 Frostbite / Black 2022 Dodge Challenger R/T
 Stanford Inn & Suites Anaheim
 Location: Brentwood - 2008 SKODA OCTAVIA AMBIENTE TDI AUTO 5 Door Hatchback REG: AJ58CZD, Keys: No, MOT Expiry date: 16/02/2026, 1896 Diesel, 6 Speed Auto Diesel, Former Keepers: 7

* * *

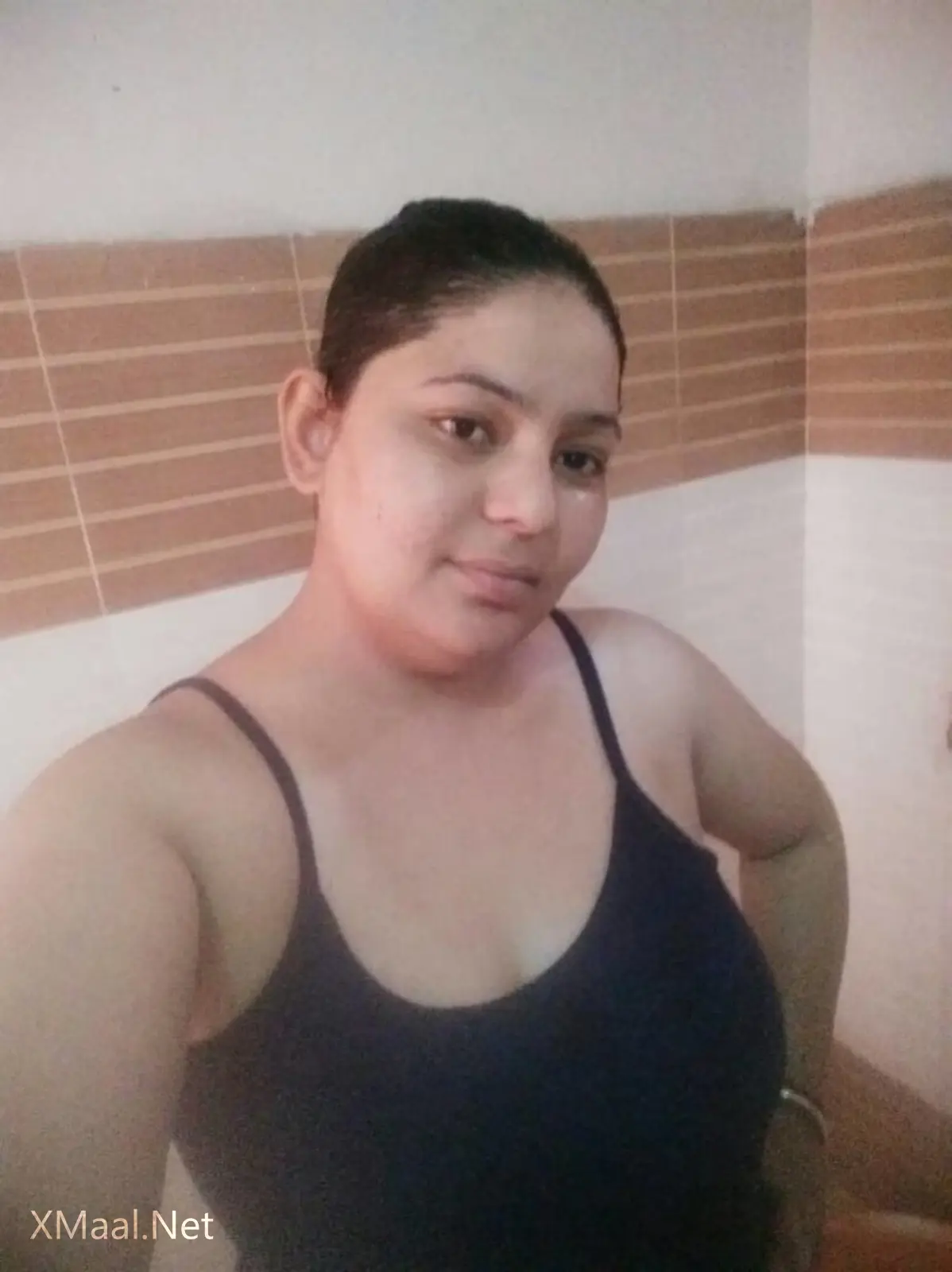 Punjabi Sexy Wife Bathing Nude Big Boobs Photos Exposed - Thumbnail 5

==

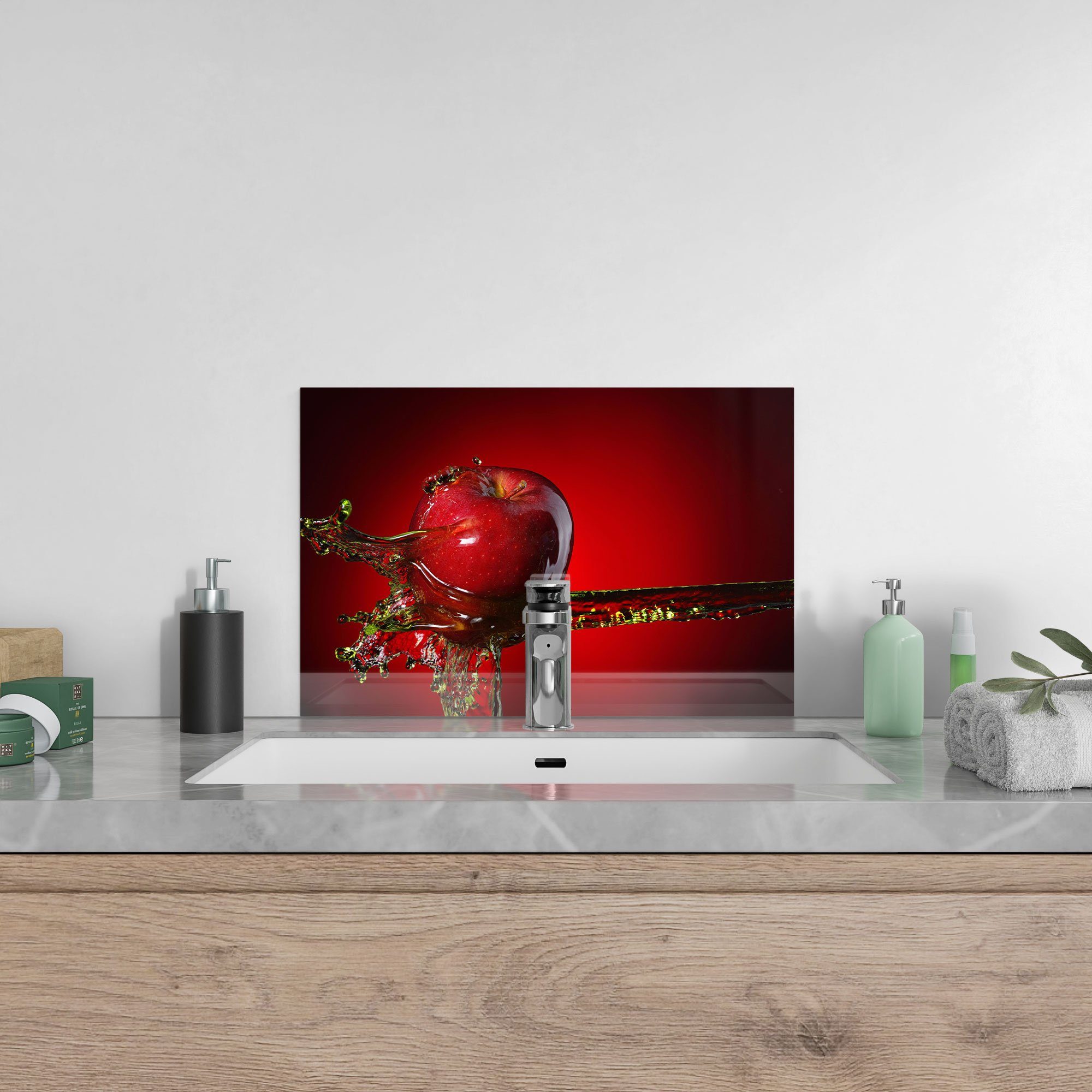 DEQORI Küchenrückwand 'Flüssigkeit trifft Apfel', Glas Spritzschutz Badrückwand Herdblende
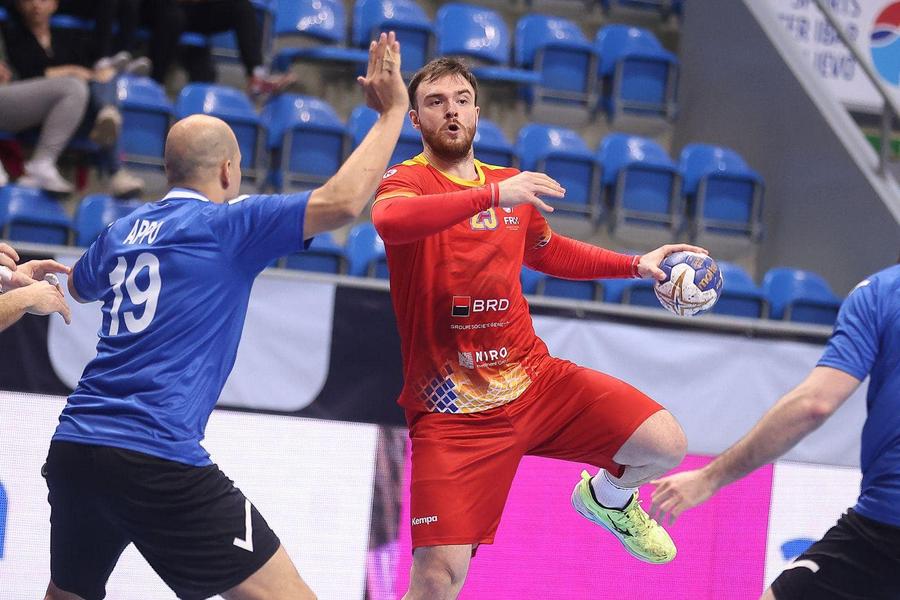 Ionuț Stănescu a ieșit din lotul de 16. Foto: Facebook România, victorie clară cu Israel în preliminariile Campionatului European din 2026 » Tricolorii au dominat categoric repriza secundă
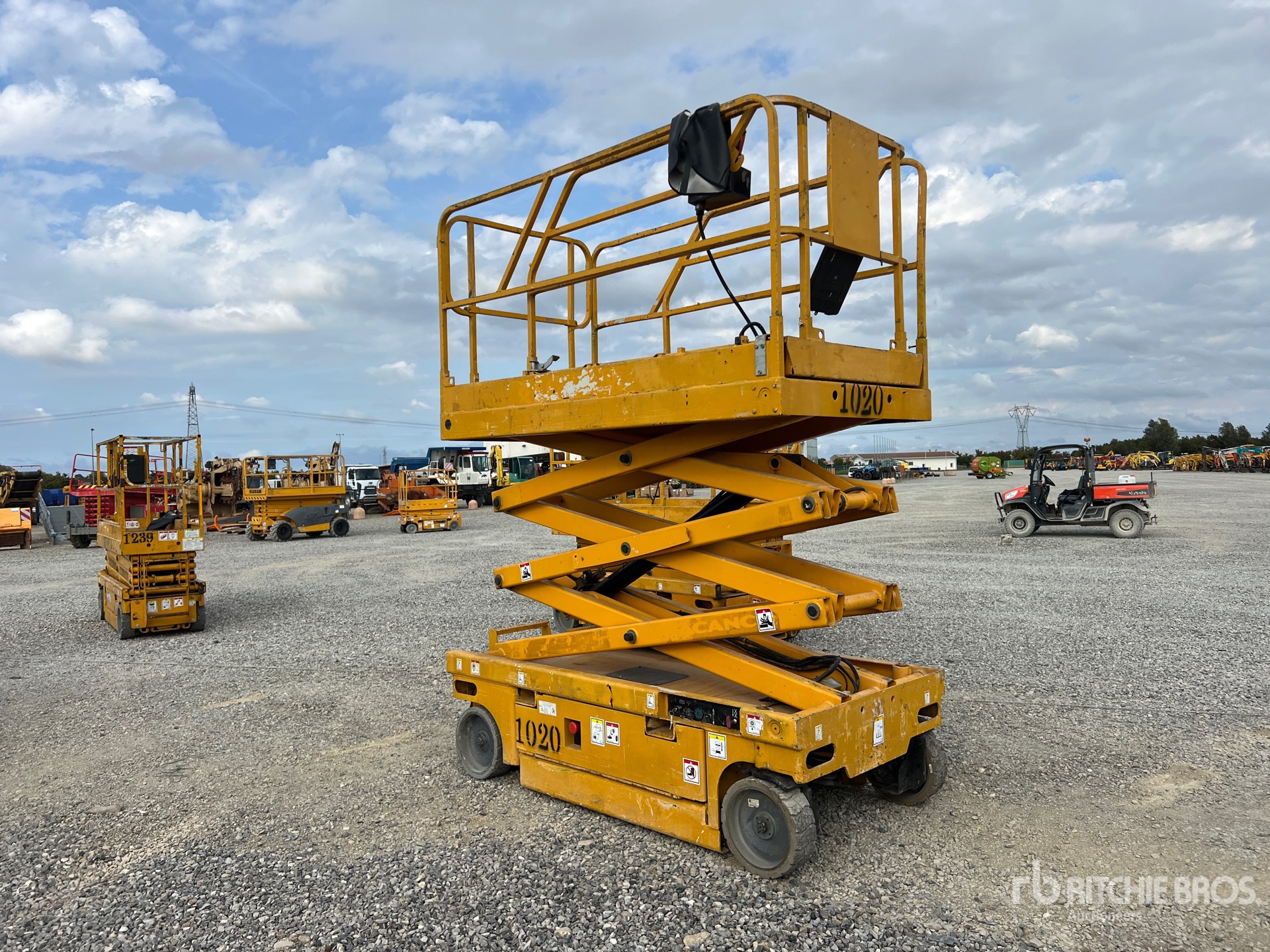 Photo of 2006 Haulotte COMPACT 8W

> Task goal
With the line holding "Frostbite / Black 2022 Dodge Challenger R/T" as the first and the line holding "Location: Brentwood - 2008" as the last, please transcribe exactly the lines of the material above in that range and nothing else.

> Written response
 Frostbite / Black 2022 Dodge Challenger R/T
 Stanford Inn & Suites Anaheim
 Location: Brentwood - 2008 SKODA OCTAVIA AMBIENTE TDI AUTO 5 Door Hatchback REG: AJ58CZD, Keys: No, MOT Expiry date: 16/02/2026, 1896 Diesel, 6 Speed Auto Diesel, Former Keepers: 7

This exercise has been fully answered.